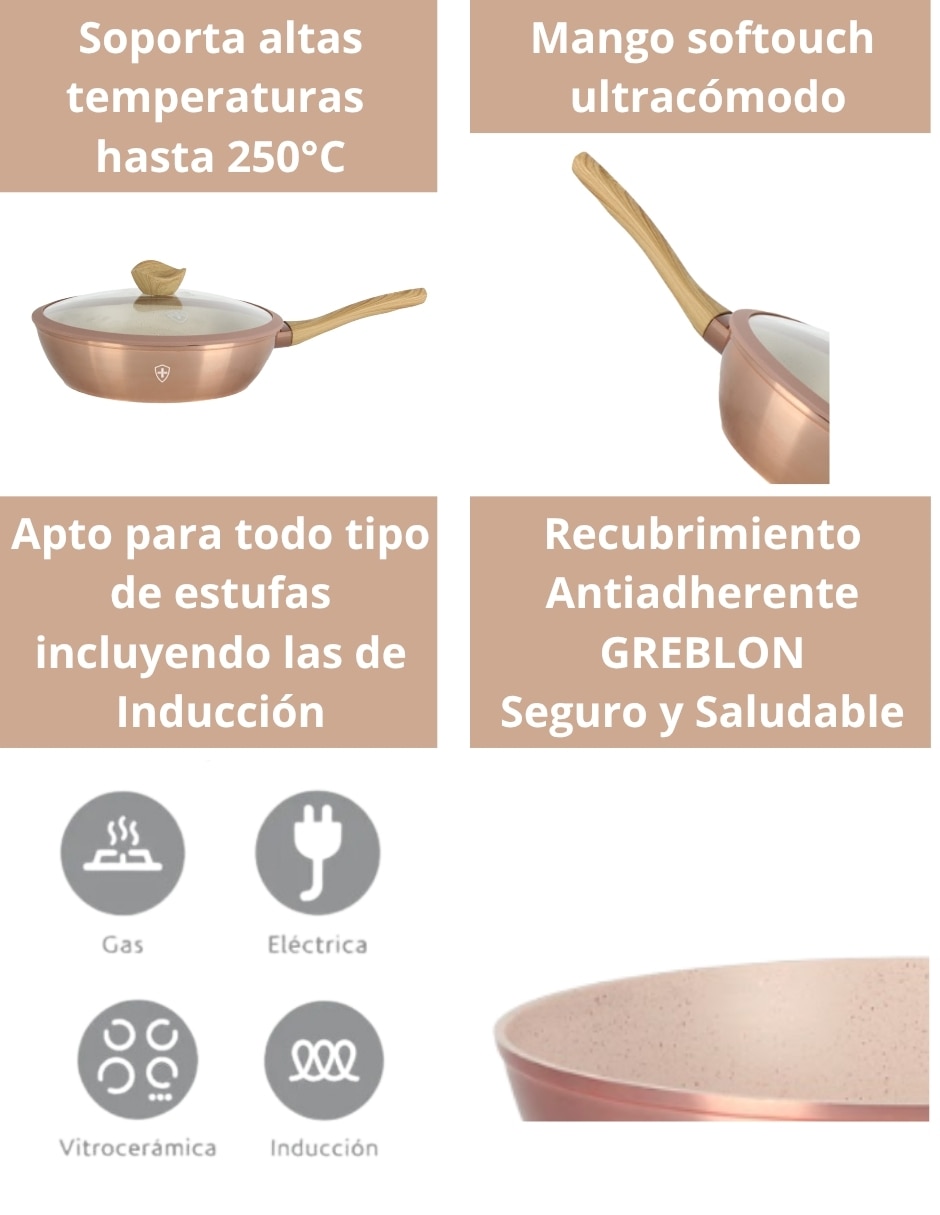 Set de sartenes hsm hsm de aluminio esmaltado 6 piezas 5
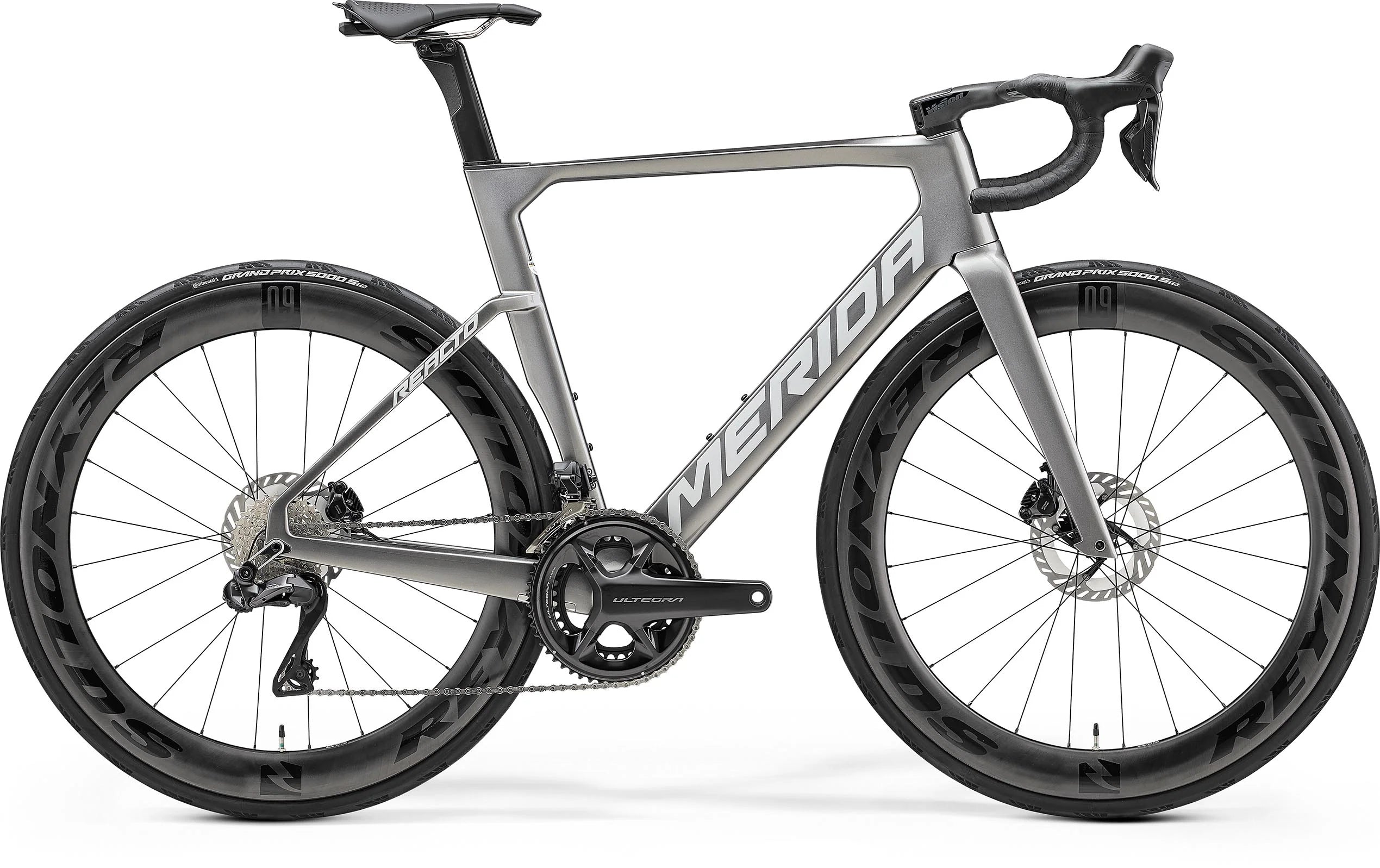 Merida Reacto 8000 - Gunmetal Grey / Silver - MY25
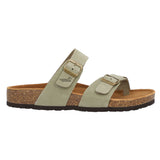 Sandalia Plana M Alcuida Olive Mujer 1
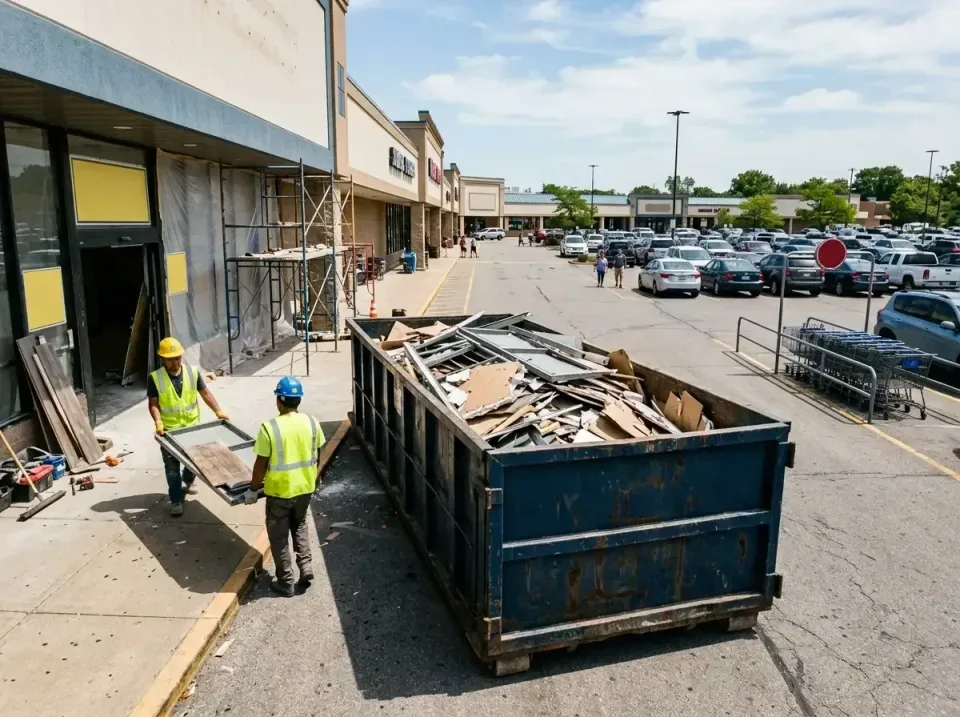 retail-store-renovation-debris-003 — frequently asked questions, Roll-off Dumpster Rentals in Colonia, NJ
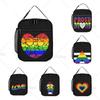 Pride Month Gay Pride Ally Lunch Bag for Women Men Cute Tote Lunch Box with Pocket Insulated Bags for Work Office Travel Picnic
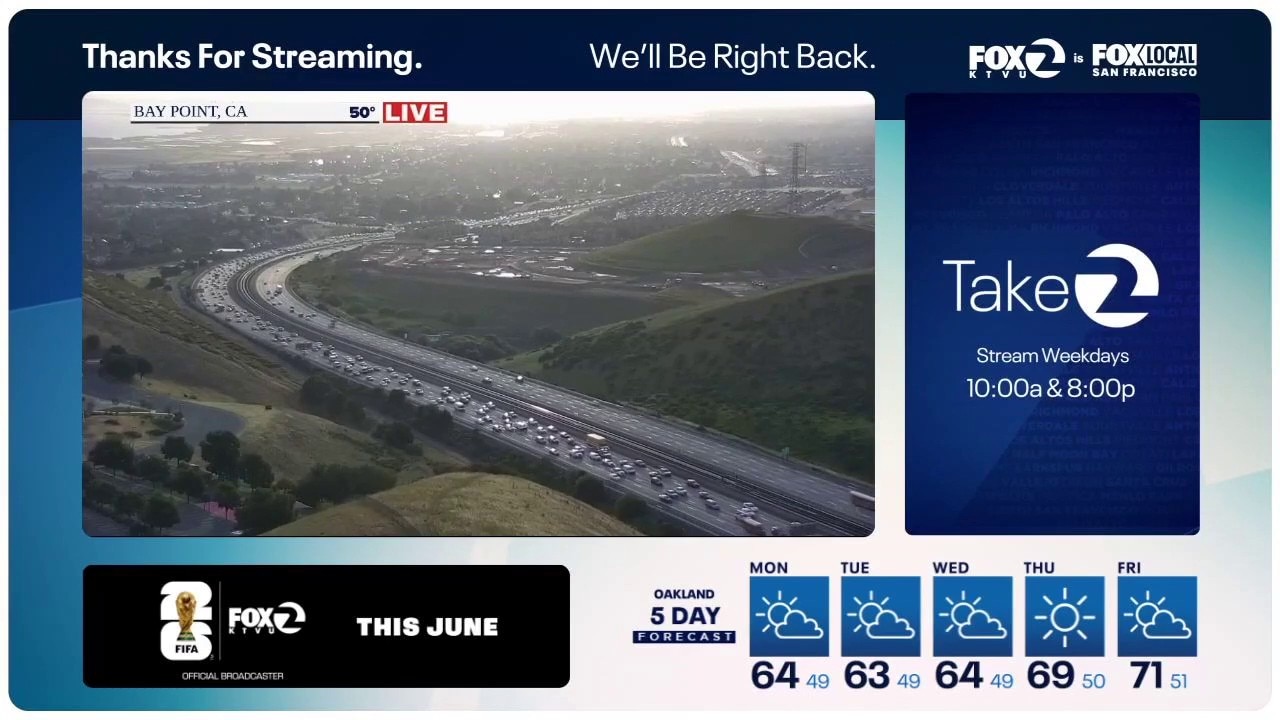 Live News: Fox 2 San Francisco at 7am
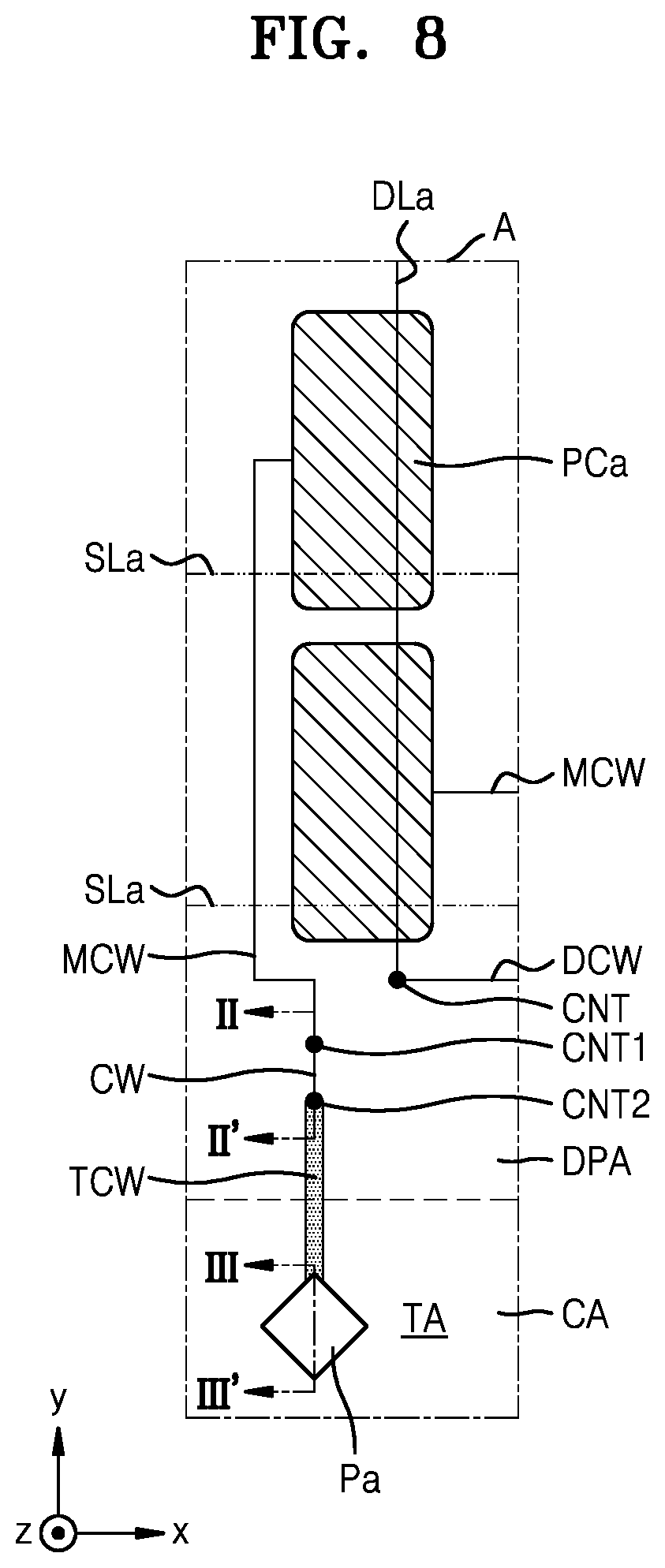 Patent US12101971 Figure 8 – Display apparatus and method of manufacturing the same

....................

Above are the records; restate exactly the lines from the one containing "retail-store-renovation-debris-003 — frequently" through the one containing "Pride Month Gay", keeping pictures out.

 retail-store-renovation-debris-003 — frequently asked questions, Roll-off Dumpster Rentals in Colonia, NJ
 Pride Month Gay Pride Ally Lunch Bag for Women Men Cute Tote Lunch Box with Pocket Insulated Bags for Work Office Travel Picnic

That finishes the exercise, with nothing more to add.